ABOUT THIS TASK:
Copy the entries exactly, through the "Barred Owl - ML30826821" line.

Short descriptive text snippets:
========================
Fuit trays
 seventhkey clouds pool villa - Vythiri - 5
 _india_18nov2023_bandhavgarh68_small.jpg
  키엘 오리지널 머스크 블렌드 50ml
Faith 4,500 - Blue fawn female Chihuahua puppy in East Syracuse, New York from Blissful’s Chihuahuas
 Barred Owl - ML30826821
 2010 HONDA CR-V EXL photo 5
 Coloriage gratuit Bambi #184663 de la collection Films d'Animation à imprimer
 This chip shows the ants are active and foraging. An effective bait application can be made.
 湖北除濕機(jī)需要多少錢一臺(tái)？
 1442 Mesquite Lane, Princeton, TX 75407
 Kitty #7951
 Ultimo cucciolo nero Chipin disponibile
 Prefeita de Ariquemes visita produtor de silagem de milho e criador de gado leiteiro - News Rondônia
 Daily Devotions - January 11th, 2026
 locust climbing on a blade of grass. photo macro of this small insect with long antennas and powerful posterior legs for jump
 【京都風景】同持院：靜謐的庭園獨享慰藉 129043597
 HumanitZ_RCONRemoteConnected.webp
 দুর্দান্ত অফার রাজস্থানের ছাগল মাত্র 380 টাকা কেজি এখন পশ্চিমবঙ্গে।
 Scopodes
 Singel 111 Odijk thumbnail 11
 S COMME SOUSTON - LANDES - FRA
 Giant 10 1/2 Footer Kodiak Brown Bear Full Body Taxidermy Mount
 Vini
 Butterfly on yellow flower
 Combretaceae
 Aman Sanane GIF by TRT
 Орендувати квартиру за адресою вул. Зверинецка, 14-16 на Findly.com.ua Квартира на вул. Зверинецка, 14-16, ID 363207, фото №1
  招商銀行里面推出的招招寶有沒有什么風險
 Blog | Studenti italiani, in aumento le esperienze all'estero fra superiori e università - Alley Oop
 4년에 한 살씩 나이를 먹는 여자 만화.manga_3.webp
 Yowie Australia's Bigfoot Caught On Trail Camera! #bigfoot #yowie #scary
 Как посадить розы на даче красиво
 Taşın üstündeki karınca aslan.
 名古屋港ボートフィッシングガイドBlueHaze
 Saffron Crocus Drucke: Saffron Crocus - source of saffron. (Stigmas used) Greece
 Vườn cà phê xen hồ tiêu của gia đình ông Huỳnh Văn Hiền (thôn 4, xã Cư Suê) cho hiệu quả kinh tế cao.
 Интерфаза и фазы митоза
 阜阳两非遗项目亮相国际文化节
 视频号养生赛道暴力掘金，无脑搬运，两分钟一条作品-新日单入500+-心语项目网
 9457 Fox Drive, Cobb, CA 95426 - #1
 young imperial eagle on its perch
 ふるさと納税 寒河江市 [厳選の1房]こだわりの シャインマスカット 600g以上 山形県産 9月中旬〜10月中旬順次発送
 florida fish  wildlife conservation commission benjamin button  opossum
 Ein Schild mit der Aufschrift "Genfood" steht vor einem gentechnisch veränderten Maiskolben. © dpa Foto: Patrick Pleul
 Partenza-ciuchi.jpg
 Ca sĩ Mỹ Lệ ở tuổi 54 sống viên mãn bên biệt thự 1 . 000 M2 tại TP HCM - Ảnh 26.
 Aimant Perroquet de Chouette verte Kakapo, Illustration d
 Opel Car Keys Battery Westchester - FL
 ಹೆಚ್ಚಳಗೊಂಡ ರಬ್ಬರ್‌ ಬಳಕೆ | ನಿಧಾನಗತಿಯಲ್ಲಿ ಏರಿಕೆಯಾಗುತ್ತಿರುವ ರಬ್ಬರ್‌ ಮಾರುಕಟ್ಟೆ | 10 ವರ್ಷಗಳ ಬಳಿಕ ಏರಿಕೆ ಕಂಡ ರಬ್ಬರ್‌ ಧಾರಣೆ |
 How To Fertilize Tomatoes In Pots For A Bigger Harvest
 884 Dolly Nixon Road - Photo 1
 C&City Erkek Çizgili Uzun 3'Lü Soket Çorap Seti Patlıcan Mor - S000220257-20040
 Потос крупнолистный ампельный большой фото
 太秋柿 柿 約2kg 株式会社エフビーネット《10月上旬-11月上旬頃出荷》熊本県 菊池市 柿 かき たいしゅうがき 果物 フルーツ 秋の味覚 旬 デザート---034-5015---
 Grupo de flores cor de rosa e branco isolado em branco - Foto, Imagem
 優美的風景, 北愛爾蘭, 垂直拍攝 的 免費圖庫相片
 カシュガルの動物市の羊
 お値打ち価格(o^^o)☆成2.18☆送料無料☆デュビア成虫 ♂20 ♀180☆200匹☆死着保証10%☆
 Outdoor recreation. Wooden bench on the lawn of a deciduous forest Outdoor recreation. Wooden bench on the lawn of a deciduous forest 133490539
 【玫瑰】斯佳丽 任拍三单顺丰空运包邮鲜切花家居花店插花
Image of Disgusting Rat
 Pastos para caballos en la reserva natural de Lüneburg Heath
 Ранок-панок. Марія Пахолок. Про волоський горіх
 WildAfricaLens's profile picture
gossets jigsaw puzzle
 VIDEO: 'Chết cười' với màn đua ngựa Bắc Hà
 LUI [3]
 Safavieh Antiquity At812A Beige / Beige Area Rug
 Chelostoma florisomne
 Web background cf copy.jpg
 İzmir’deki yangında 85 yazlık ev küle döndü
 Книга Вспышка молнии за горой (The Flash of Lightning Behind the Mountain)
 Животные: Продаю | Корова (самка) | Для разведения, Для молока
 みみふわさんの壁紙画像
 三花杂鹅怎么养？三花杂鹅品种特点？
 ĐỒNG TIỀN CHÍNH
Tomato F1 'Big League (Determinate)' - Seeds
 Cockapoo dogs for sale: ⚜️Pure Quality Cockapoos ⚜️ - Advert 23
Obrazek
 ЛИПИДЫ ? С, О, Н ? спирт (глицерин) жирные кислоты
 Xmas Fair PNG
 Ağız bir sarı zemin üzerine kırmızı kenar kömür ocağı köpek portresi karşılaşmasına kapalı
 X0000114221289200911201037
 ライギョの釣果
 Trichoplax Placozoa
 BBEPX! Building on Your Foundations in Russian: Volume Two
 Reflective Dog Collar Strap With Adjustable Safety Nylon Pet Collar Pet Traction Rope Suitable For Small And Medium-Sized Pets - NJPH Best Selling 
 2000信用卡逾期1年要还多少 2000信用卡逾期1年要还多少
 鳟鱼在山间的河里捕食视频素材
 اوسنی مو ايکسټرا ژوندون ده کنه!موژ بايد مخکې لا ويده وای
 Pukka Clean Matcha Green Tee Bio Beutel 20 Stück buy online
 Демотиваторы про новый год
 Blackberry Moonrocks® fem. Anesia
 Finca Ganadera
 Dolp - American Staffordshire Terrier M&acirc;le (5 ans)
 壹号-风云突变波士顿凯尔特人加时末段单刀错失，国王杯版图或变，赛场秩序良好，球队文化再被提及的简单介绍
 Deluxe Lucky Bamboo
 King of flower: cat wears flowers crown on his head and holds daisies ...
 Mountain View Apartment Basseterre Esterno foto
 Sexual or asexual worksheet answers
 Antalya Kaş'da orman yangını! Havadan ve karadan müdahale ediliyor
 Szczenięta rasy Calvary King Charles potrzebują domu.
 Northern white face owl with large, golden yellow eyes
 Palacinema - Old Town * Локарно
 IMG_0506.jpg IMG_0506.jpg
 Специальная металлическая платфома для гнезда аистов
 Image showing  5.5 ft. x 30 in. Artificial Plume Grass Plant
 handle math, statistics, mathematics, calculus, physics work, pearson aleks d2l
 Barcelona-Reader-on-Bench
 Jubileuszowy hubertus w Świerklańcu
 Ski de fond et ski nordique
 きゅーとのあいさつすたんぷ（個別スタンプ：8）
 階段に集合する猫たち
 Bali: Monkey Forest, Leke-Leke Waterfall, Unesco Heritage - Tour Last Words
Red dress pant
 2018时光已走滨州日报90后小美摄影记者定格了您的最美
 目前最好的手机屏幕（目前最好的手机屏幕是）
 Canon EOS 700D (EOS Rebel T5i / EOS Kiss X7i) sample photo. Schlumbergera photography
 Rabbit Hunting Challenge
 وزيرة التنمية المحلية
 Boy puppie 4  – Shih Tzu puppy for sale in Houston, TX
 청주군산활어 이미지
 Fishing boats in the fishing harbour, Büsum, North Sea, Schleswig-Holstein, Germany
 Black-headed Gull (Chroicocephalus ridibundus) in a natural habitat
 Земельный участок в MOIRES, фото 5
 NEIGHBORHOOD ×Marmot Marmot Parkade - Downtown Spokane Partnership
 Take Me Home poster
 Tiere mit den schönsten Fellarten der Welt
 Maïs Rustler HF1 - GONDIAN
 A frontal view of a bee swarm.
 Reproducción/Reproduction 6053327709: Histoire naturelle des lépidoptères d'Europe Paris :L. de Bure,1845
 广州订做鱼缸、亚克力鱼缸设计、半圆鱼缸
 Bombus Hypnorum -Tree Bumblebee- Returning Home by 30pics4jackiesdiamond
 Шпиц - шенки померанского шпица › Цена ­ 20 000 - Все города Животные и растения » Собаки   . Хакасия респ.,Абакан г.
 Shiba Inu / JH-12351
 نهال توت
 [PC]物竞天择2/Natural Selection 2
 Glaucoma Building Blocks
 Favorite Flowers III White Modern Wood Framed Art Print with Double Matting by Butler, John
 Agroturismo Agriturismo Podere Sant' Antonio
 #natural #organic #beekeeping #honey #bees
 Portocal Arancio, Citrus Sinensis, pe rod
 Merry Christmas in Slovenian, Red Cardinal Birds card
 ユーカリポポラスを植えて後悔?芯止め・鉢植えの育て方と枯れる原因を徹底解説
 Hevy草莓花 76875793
========================
ANSWER BELOW:
Fuit trays
 seventhkey clouds pool villa - Vythiri - 5
 _india_18nov2023_bandhavgarh68_small.jpg
  키엘 오리지널 머스크 블렌드 50ml
Faith 4,500 - Blue fawn female Chihuahua puppy in East Syracuse, New York from Blissful’s Chihuahuas
 Barred Owl - ML30826821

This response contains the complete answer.